From month 1 after transplantation, the percentage of CD25high cell subset in total CD3+CD4+ T cells progressively increased over baseline in sirolimus-treated patients (Figure 4, D through F), reaching values that were significantly higher than before transplantation from months 4 to 24 postoperatively. In the CsA group, the trend of CD4+CD25high cell percentage to increase was milder: Values that were significantly higher than before transplantation were recorded only at month 6 (Figure 4, D through F). As a consequence, the Treg/effector T cells ratios were significantly higher (P < 0.05) in the sirolimus than in the CsA group from months 2 through 24 (data not shown).
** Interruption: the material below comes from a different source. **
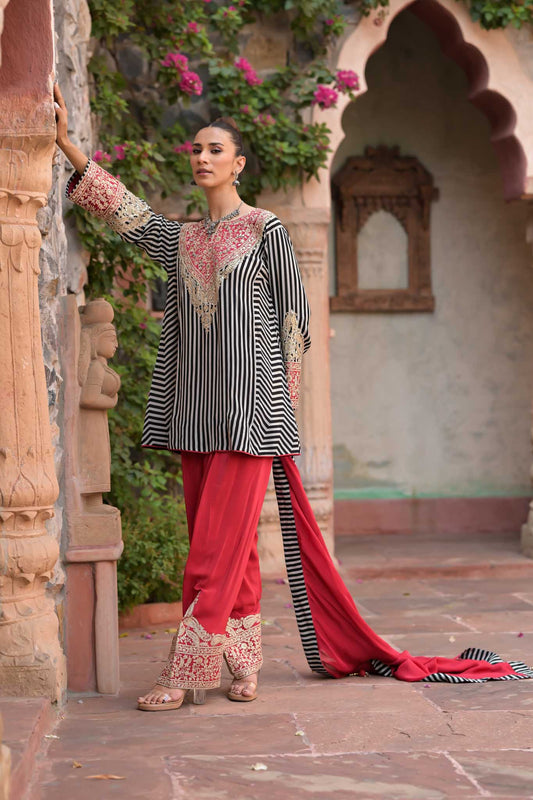 Meher | Black & White Striped Kurta with Red Embroidered Palazzo & Dupatta Set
For assessment of whether enrichment in CD4+CD25high T cells was associated with cell proliferation, staining for Ki-67 (a nuclear cell proliferation–associated antigen that is expressed in all active stages of cell cycle) (26) was performed in cells that were taken from patients at baseline and at the time of maximal CD4+CD25high cell expansion (3 to 5 mo after transplantation). Higher cycling was observed in the three CD4+CD25 cell subsets from all patients who were studied 3 to 5 mo after transplantation (P < 0.05) than in cells from patients at baseline and from healthy individuals (Figure 5C), which is consistent with CD4+ T cell recovery after Campath-1H–induced lymphopenia (Figure 3H). Of note, the proportion of CD4+CD25highKi-67+ cells was significantly (P < 0.05) higher in the sirolimus- than in the CsA-treated group, whereas no difference in the percentages of both CD4+CD25lowKi-67+ and CD4+CD25−Ki-67+ cells was found between the two groups (Figure 5C).

Figure 5.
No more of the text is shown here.